>>

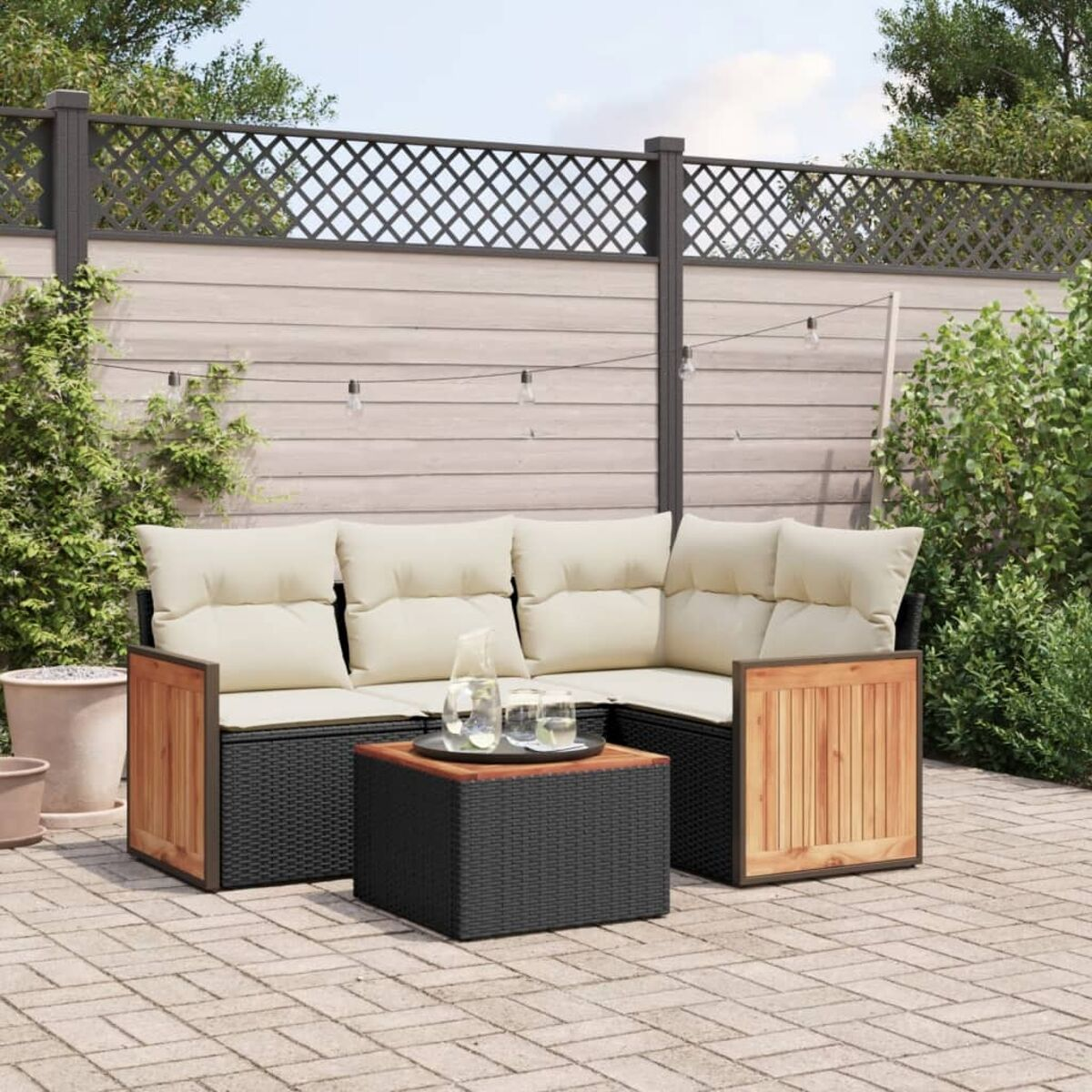 Rattan-Gartenmöbel auf einer Ziegelterrasse. Set hat Ecksofa, Tisch und Pflanzen.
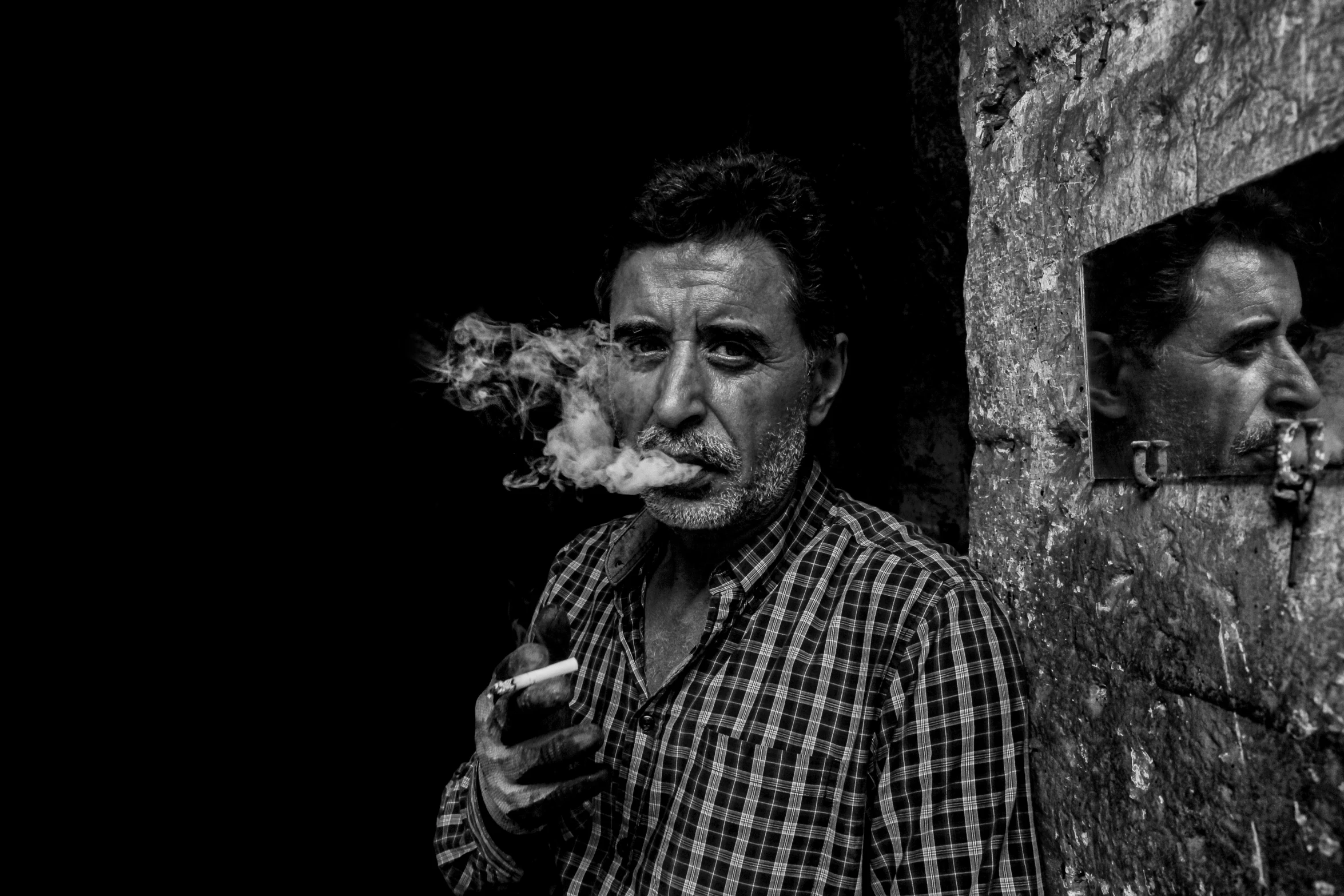 a man smoking cigarettes by a doorway, with a woman looking at him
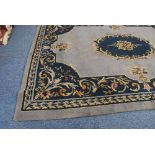 PROBABLY EARLY TWENTIETH CENTURY DONEGAL CARPET, with a plain pale blue field, with dark blue  and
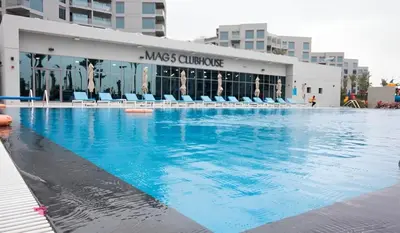 a large swimming pool in front of a building at Budget-friendly 2bd near EXPO with a huge pool in Dubai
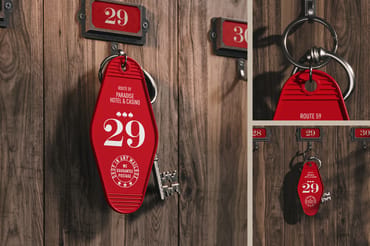 Hotel Key Ring is Hanging on the Key Rack Mockup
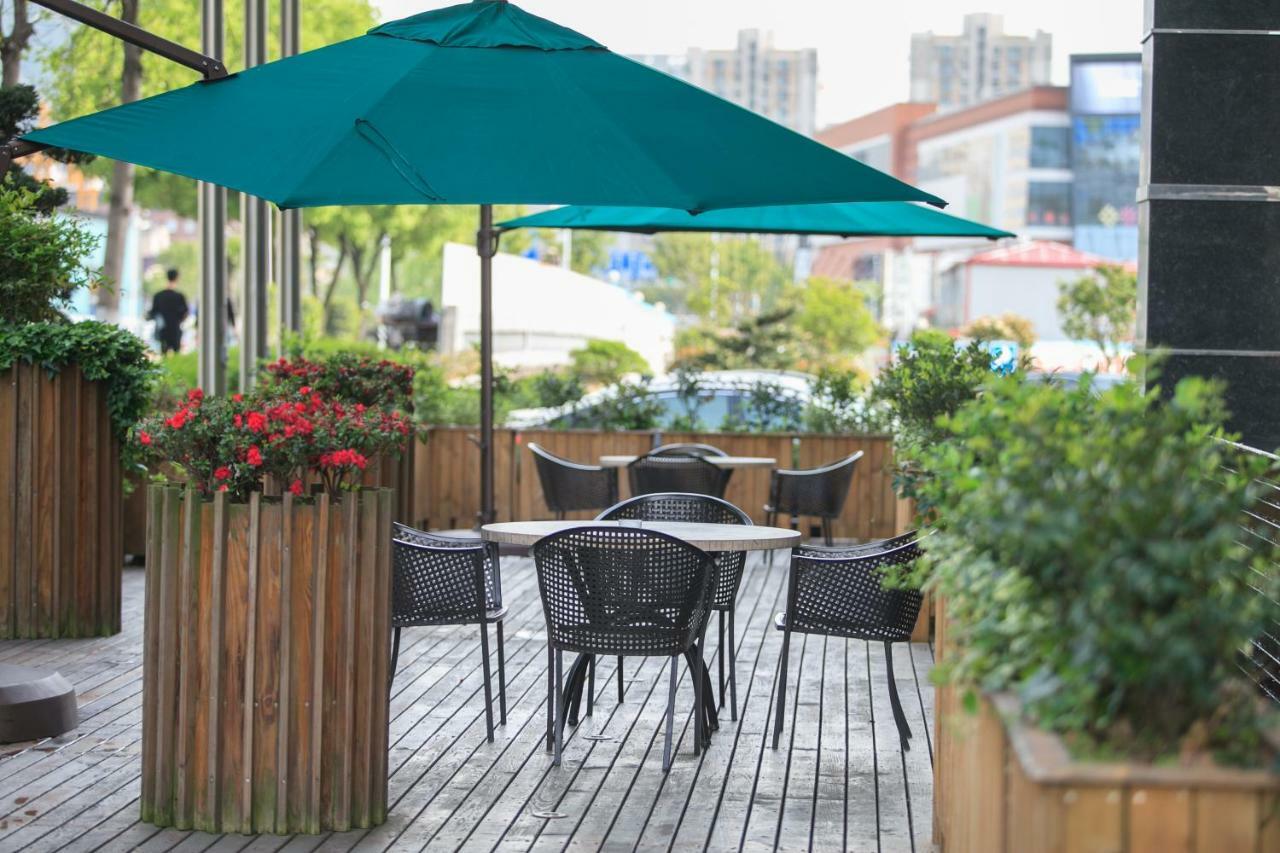 Four Seasons Rayli Hotel Нинбо Екстериор снимка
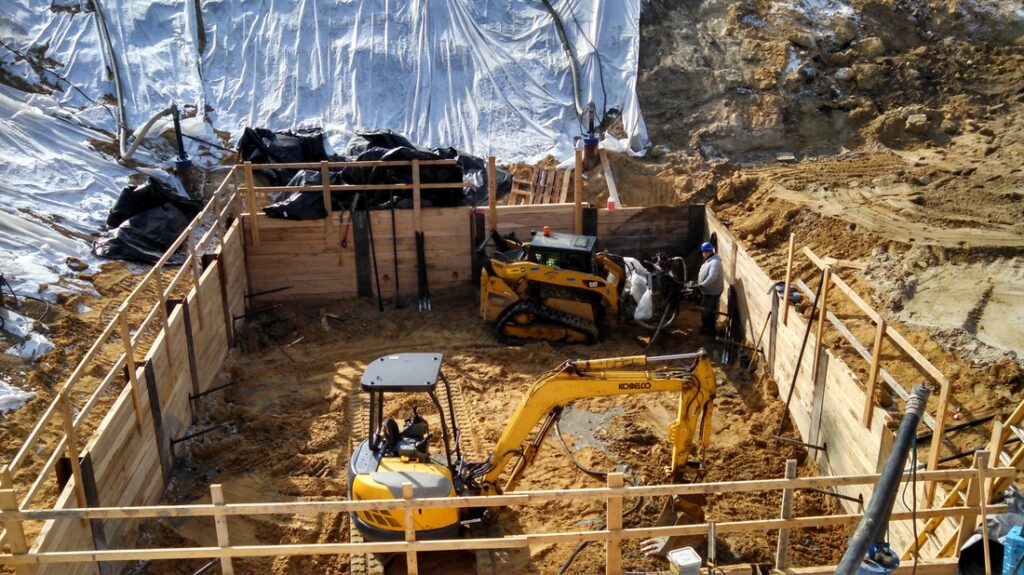 Excavation with shoring and small equipment working inside a supported pit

<<

Without the pictures, copy out each entry exactly as it stands.

 Rattan-Gartenmöbel auf einer Ziegelterrasse. Set hat Ecksofa, Tisch und Pflanzen.
 a man smoking cigarettes by a doorway, with a woman looking at him
 PROBABLY EARLY TWENTIETH CENTURY DONEGAL CARPET, with a plain pale blue field, with dark blue  and
 a large swimming pool in front of a building at Budget-friendly 2bd near EXPO with a huge pool in Dubai
 Hotel Key Ring is Hanging on the Key Rack Mockup
 Four Seasons Rayli Hotel Нинбо Екстериор снимка
 Excavation with shoring and small equipment working inside a supported pit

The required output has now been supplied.